Nobel Prize in Physics awarded for breakthroughs in quantum mechanics

The 2022 Nobel Prize in Physics has been awarded to three physicists for their pioneering experiments in quantum information science, a burgeoning field that could revolutionize computing, cryptography and information transfer via what we calls “quantum teleportation”.

John F. Clauser, 79, an American physicist from Walnut Creek, California, was a laureate with Alain Aspect from the University of Paris-Saclay and the École polytechnique in France and Anton Zeilinger from the University of Vienna in Austria.

“It was very nice to receive your phone call just an hour ago.
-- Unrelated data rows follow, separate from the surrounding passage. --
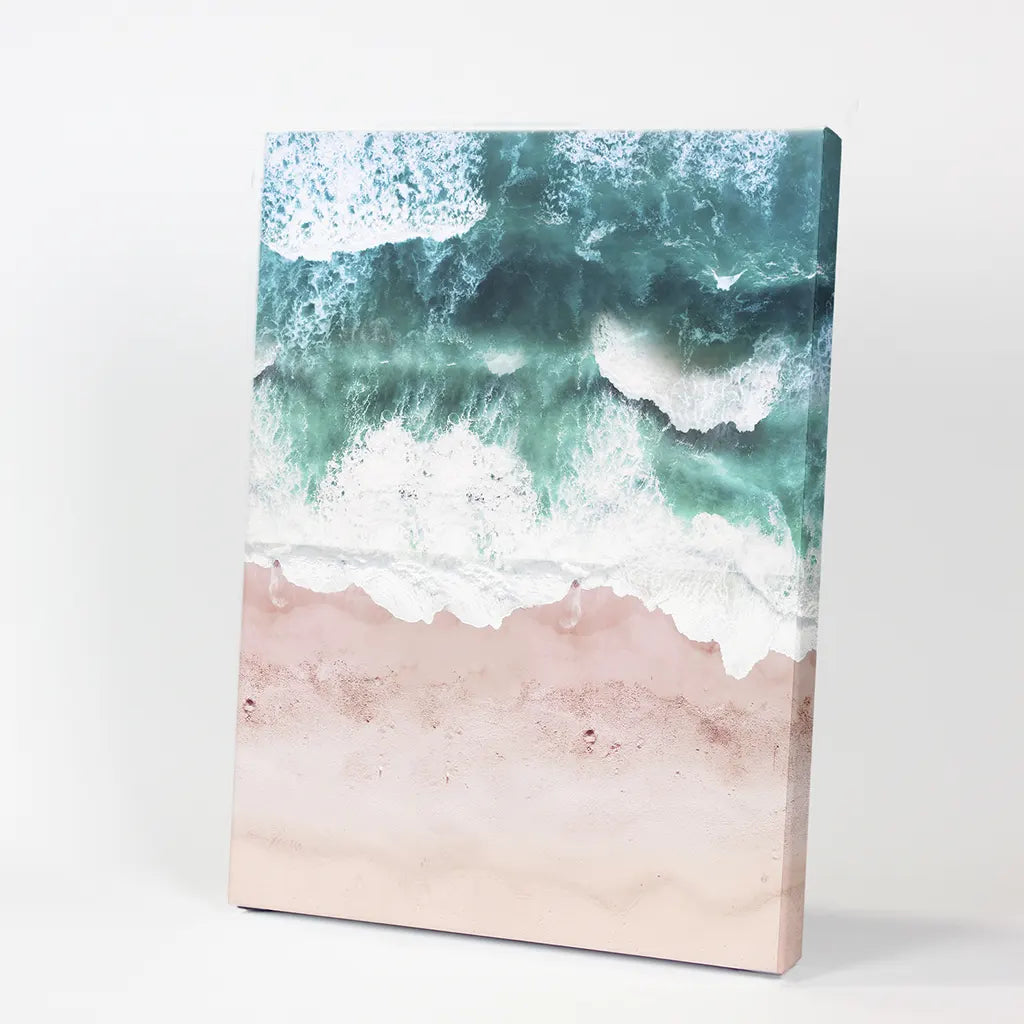 Küstendekoration für die Wand. Rosa Strand, blaue Wellen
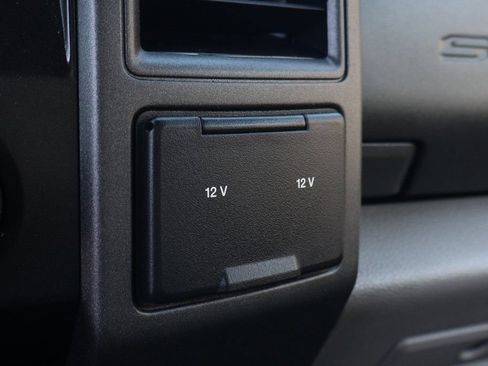 Used 2020 Ford F550 2WD Regular Cab Super Duty image 39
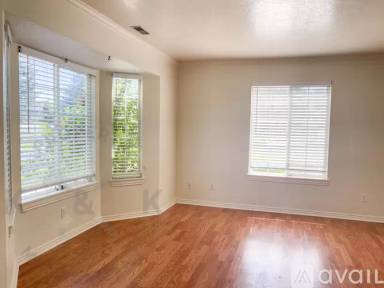 Main picture of 892 E Hamlet Cir N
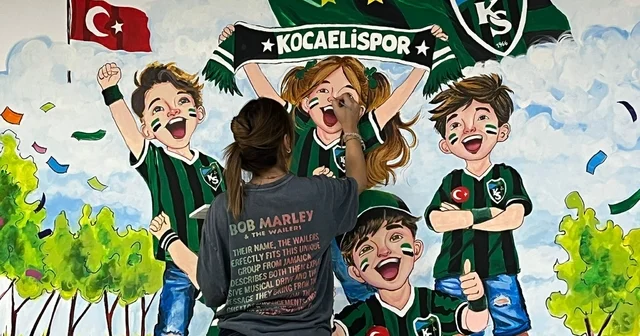 Liseli öğrencilerden Kocaelispor a özel duvar resmi Kocaeli Haberleri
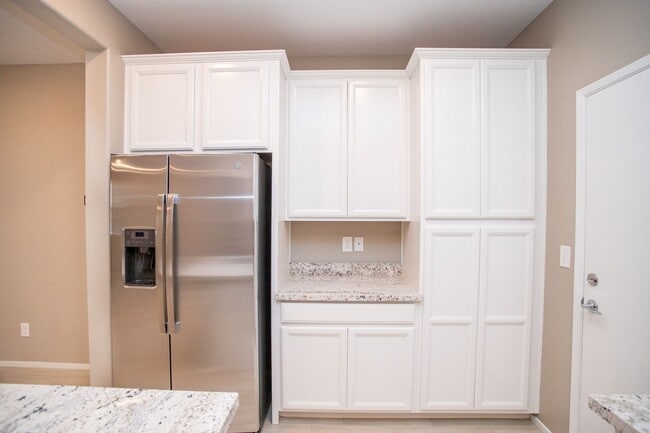 9 Alamere Falls Dr in Las Vegas, NV - Building Photo - Building Photo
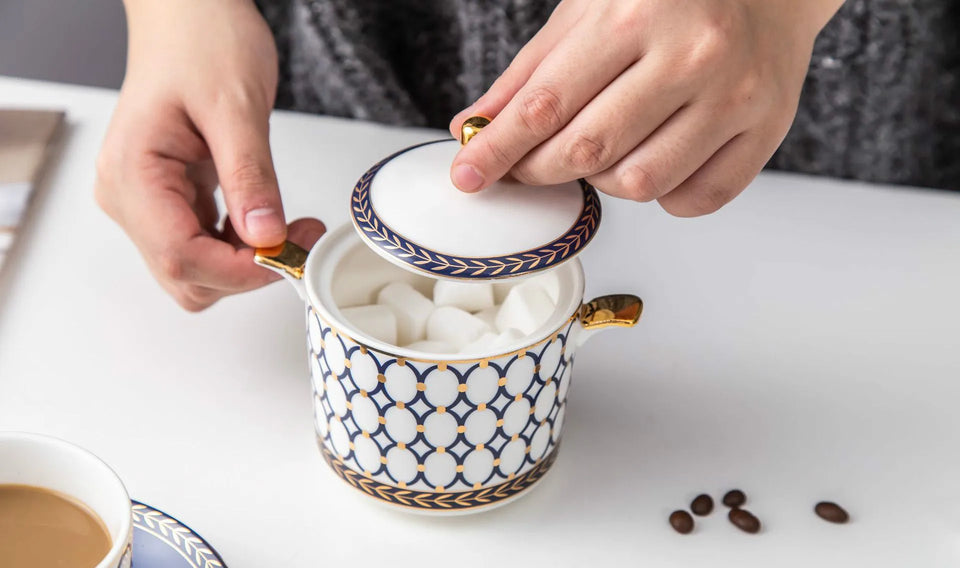 Nordic Ins Bone China Coffee Cup Golden Handle Coffee Pot Ceramic High Grade Milk Tea Pot Creative Afternoon Tea Black Tea Cup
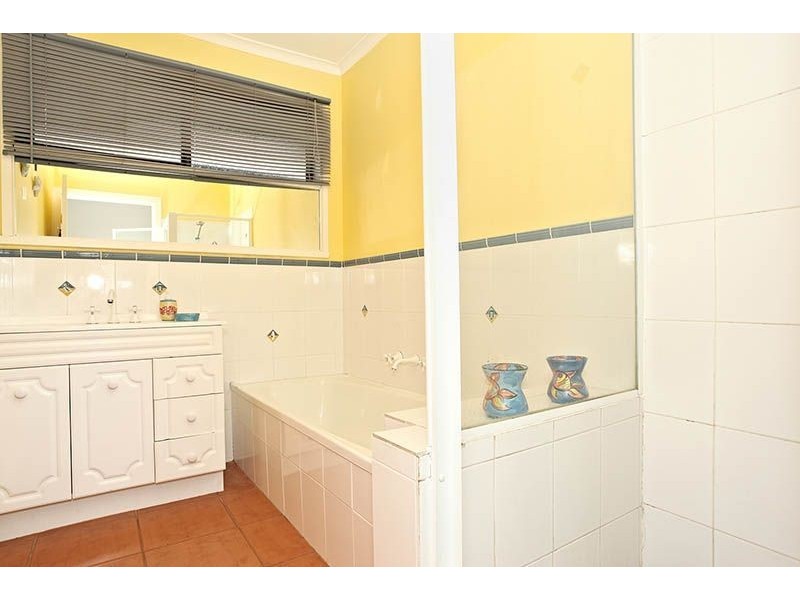9 Clairmont Avenue, Cranbourne VIC 3977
I’m still a bit shocked,” Zeilinger said in an interview during the press conference at the Royal Swedish Academy of Sciences, who awards the Nobel Prizes.

When a journalist asks him if, in 10,000 years, it will be possible to teleport his own body to another place, he replies that teleporting people is “science fiction”.

Quantum mechanics is a field of physics that dates back more than a century and has already yielded applications that people use in everyday life, from transistors to lasers. But the potential applications of the principles of quantum mechanics seem limitless.

The physicists honored on Tuesday found ways to confirm what had been theorized before, including the “entanglement” of photons (particles of light).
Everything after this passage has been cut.